## Work item:
From the listing that follows, reproduce only the lines from the one holding "Sexy Flowers Temporary" through the one holding "Porte-cartes zippé en cuir", both included, with no pictures.

## Data for the task:
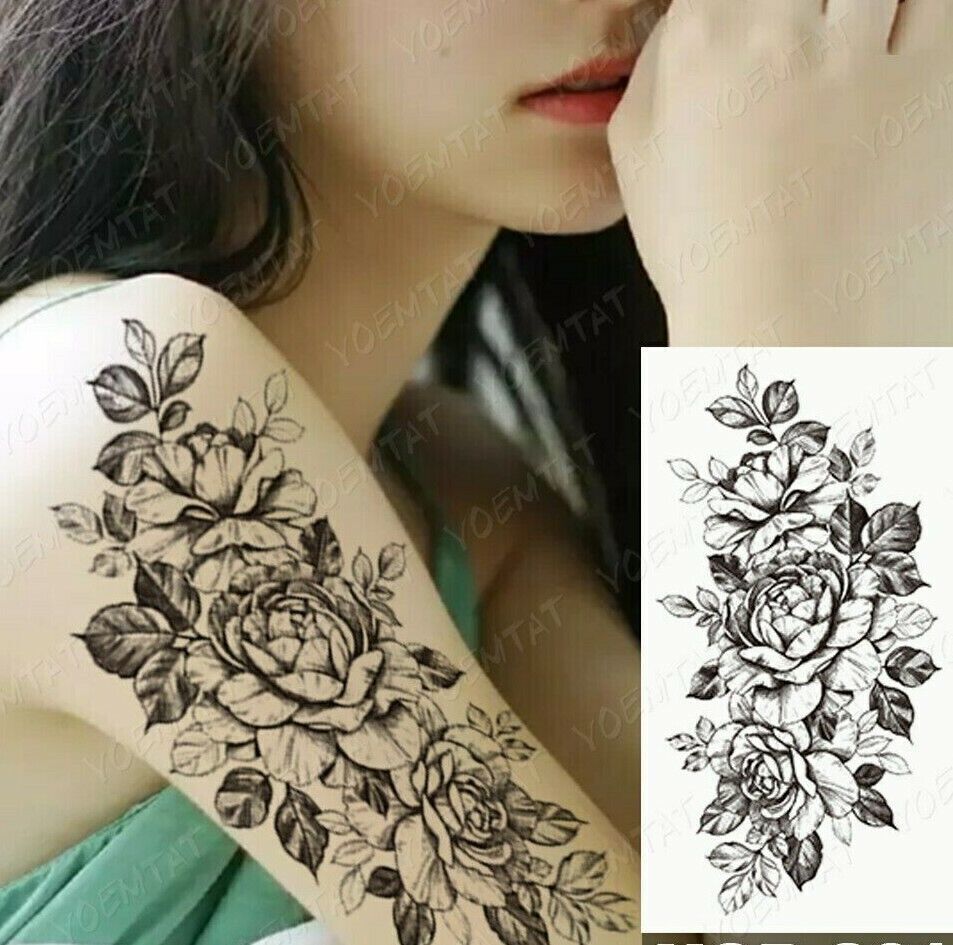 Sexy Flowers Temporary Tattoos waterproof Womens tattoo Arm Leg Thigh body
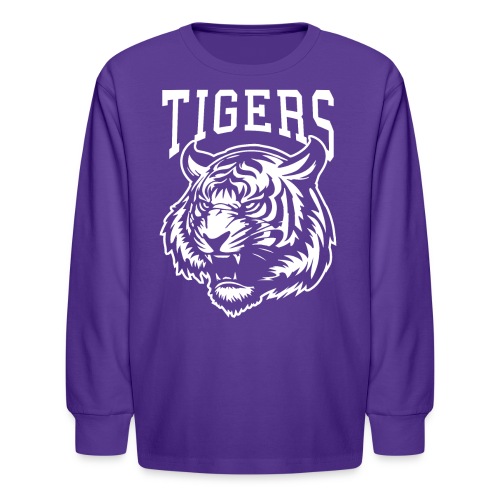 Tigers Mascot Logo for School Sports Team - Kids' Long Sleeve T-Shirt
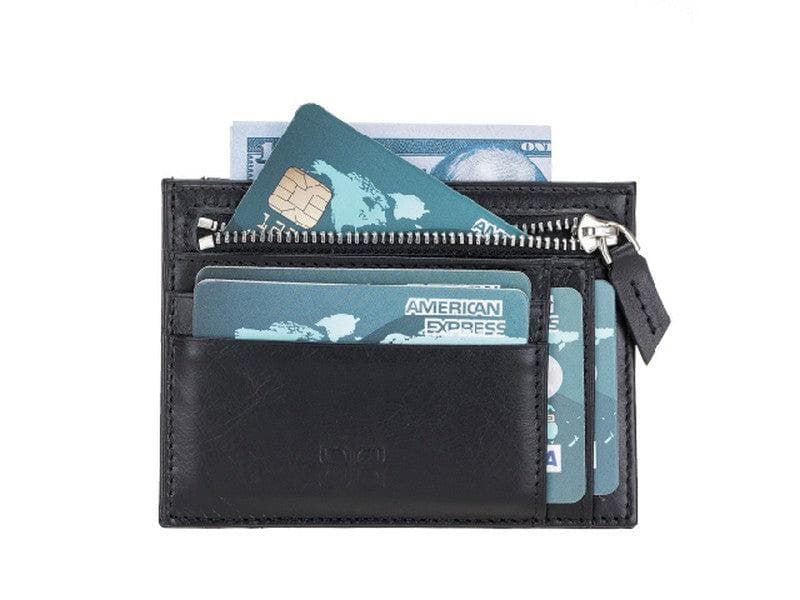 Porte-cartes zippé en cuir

* * *

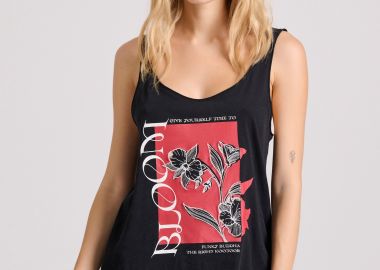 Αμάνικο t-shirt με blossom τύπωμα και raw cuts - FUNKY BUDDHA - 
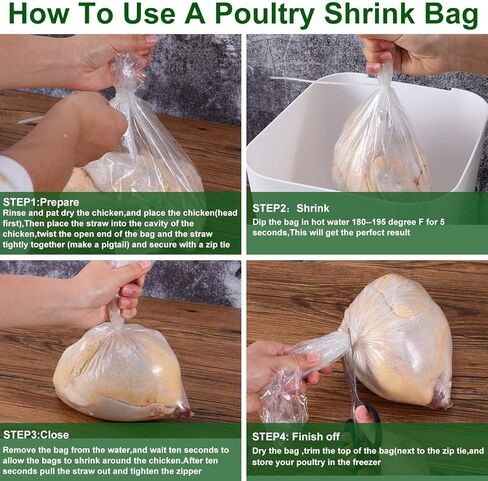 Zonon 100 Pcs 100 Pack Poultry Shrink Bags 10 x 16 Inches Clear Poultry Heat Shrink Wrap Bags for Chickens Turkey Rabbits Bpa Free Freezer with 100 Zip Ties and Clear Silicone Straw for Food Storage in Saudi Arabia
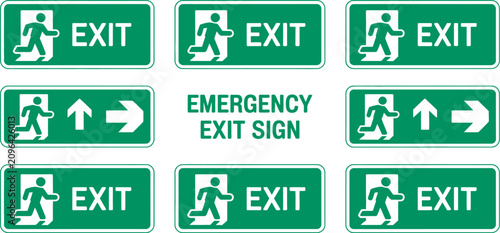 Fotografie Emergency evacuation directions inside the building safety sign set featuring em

## Result of the exercise:
 Sexy Flowers Temporary Tattoos waterproof Womens tattoo Arm Leg Thigh body
 Tigers Mascot Logo for School Sports Team - Kids' Long Sleeve T-Shirt
 Porte-cartes zippé en cuir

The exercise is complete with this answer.